# Activity
Leave every picture out and give back the lines below from the first through the line that holds "橘ありすの催眠ドスケベセックスフレンズwith鷺沢文香", exactly as written.

# Information provided
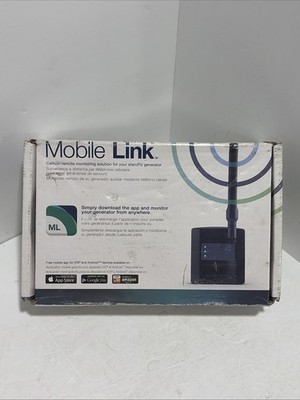 GENERAC MOBILE LINK 0064633 FOR MOST HONEYWELL EATON SIEMENS GENERATORS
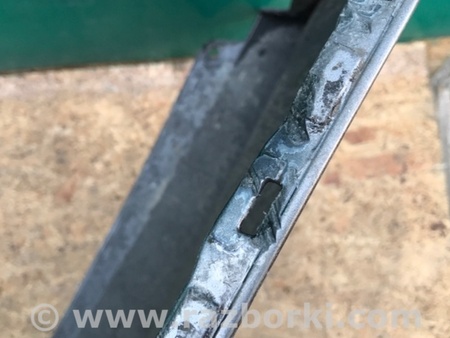 ФОТО Бампер задний для Honda Accord CR CT (06.2013 - 01.2020) Киев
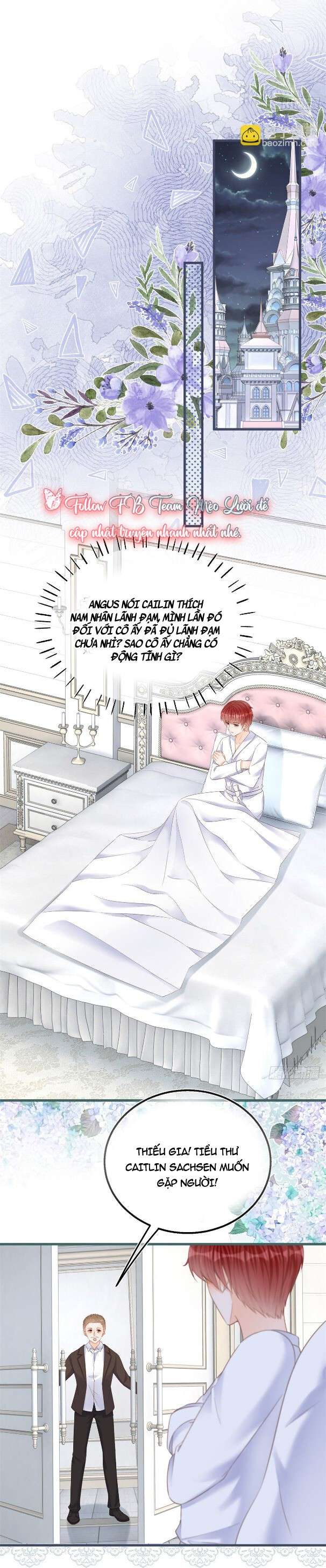 Sự Phản Công Của Nữ Công Tước Phản Chap 37 - Trang 2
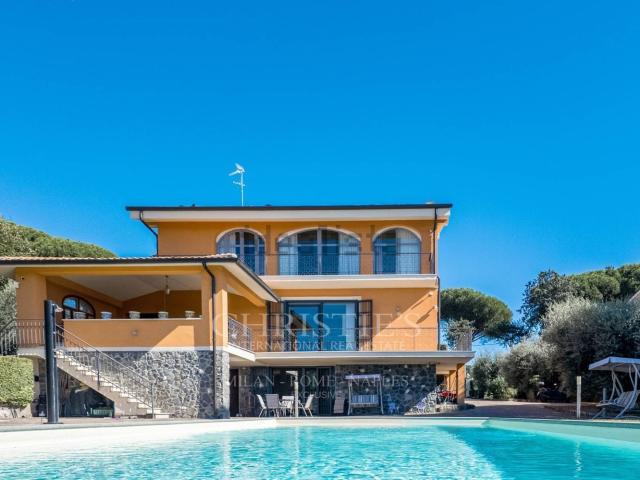 Casa in vendita a Roma Capitale, Lazio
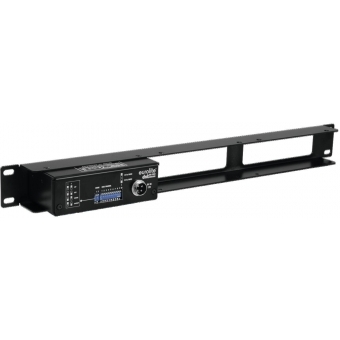 EUROLITE MR-1 Mounting frame for 3 DXT devices #8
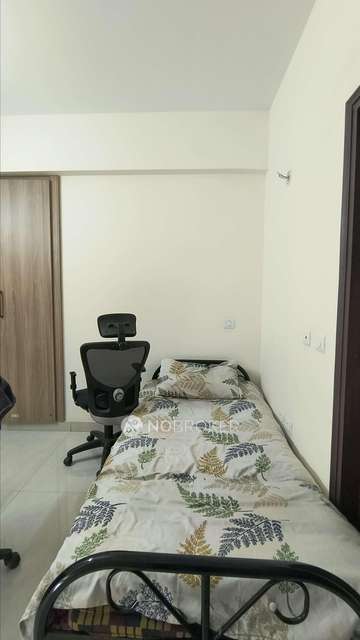 3 BHK Flat In World Residency For Sale  In Indirapuram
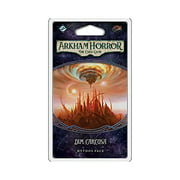 Arkham Horror The Card Game Dim Carcosa MYTHOS PACK | Horror Game | Mystery Game | Cooperative Card Game | Ages 14+ | 1-2 Players | Average Playtime 1-2 Hours | Made by Fantasy Flight Games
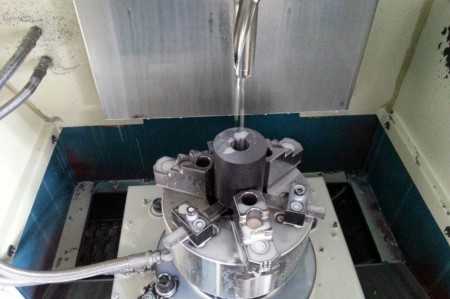 冷作模具钢生产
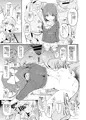 橘ありすの催眠ドスケベセックスフレンズwith鷺沢文香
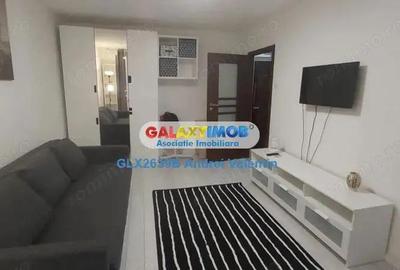 Inchiriere Garsoniera Moderna Tineretului - Piata Norilor - Metrou - 1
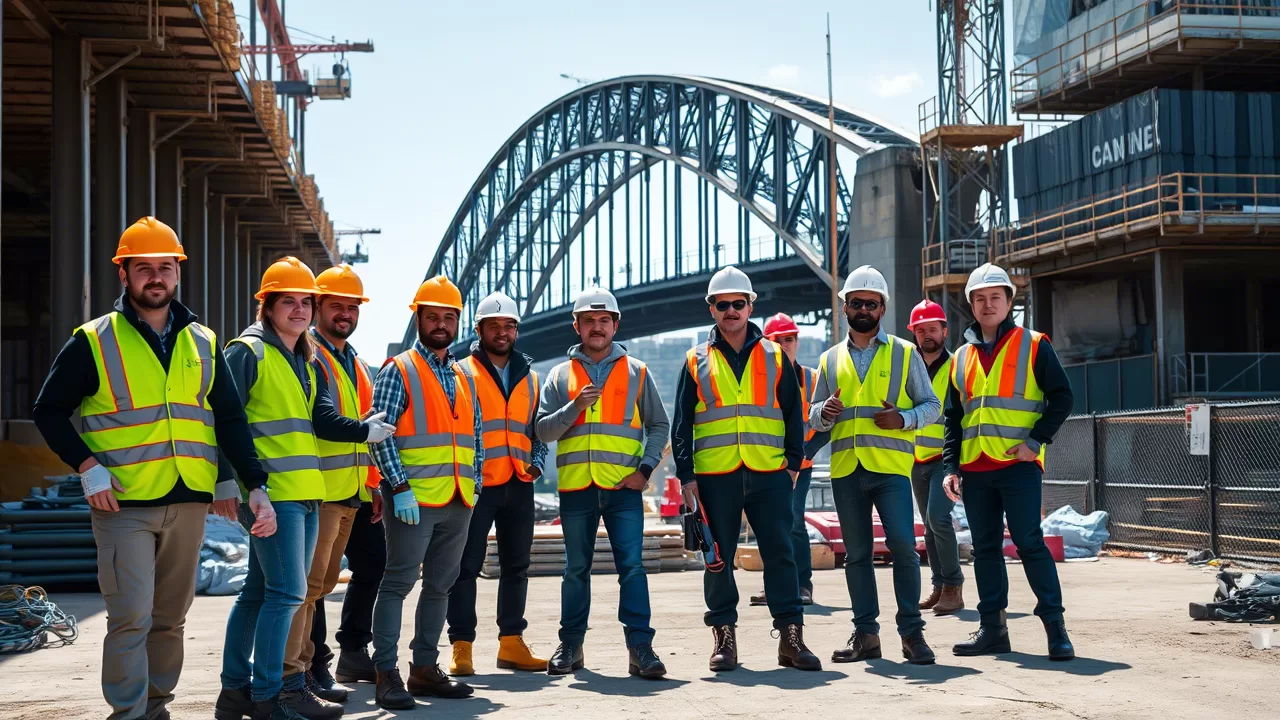 labour hire
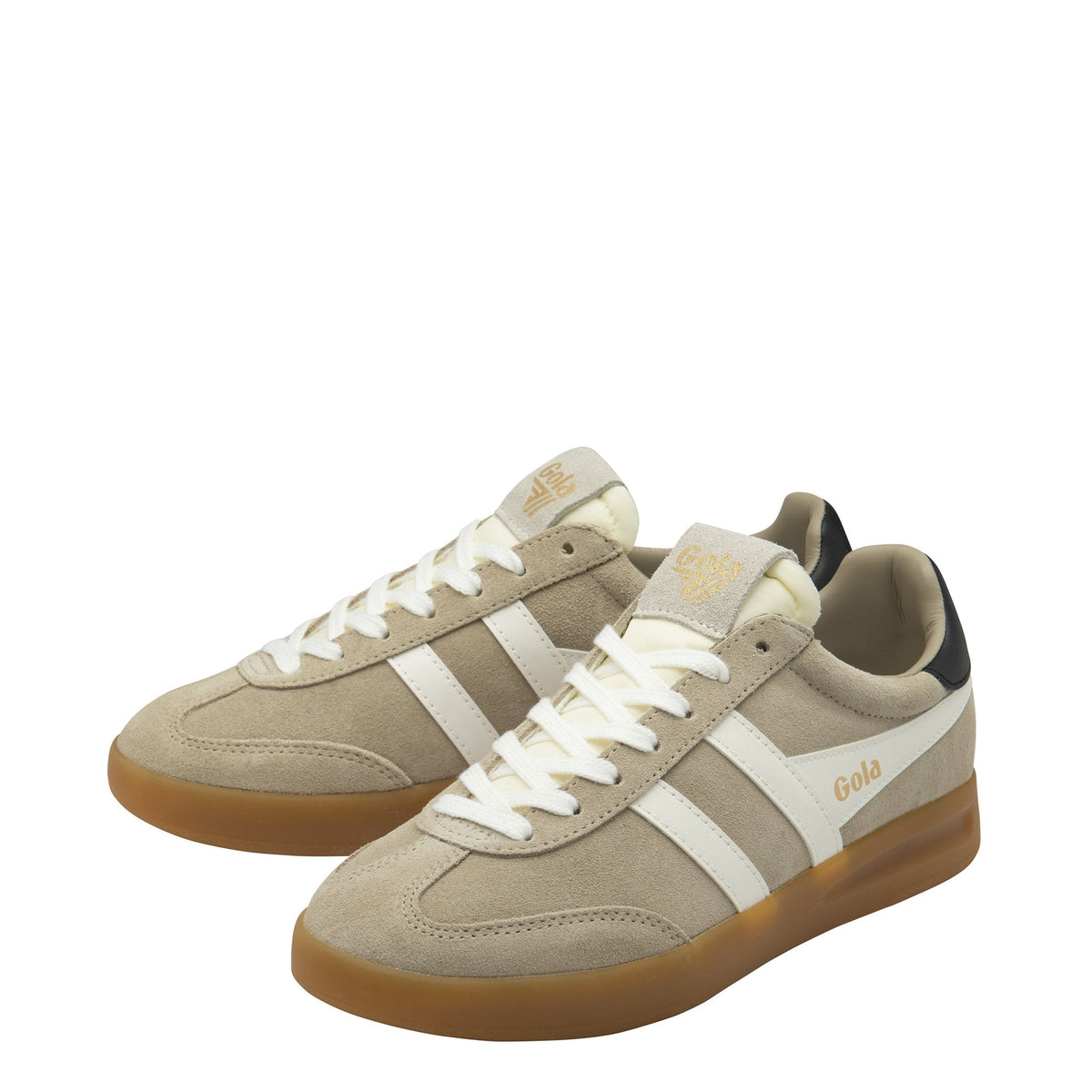GOLA CLB762CW CYCLONE BONE/OFF WHITE/BLACK/GUM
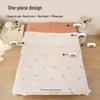 Portable Dirt-Proof Sleeping Bag Quilt for Camping & Travel – Single/Double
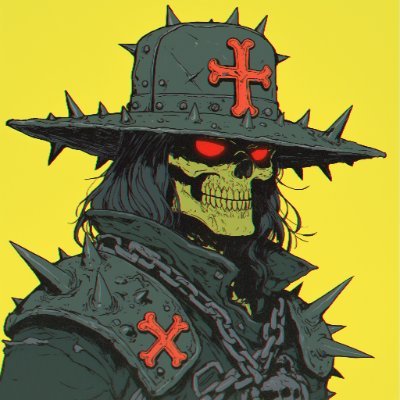 0xMTLHD666's profile picture. Just a sh*t artist 🎨 | 💧 https://t.co/FPyUtES7Bw | ✳️ https://t.co/7eNDaJVZ1P | 🚢 https://t.co/NJYBLDP1RJ (soon)
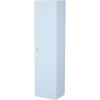 Шкаф-пенал IDDIS Edifice 40 голубой
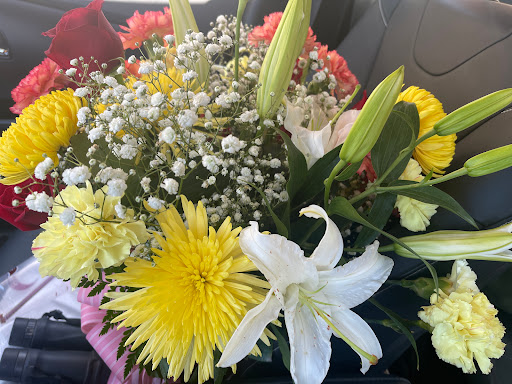 Florist «ROSE PETALS FLORIST», reviews and photos, 343 S 2nd St, Little Falls, NY 13365, USA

# Response to this exercise
 GENERAC MOBILE LINK 0064633 FOR MOST HONEYWELL EATON SIEMENS GENERATORS
 ФОТО Бампер задний для Honda Accord CR CT (06.2013 - 01.2020) Киев
 Sự Phản Công Của Nữ Công Tước Phản Chap 37 - Trang 2
 Casa in vendita a Roma Capitale, Lazio
 EUROLITE MR-1 Mounting frame for 3 DXT devices #8
 3 BHK Flat In World Residency For Sale  In Indirapuram
 Arkham Horror The Card Game Dim Carcosa MYTHOS PACK | Horror Game | Mystery Game | Cooperative Card Game | Ages 14+ | 1-2 Players | Average Playtime 1-2 Hours | Made by Fantasy Flight Games
 冷作模具钢生产
 橘ありすの催眠ドスケベセックスフレンズwith鷺沢文香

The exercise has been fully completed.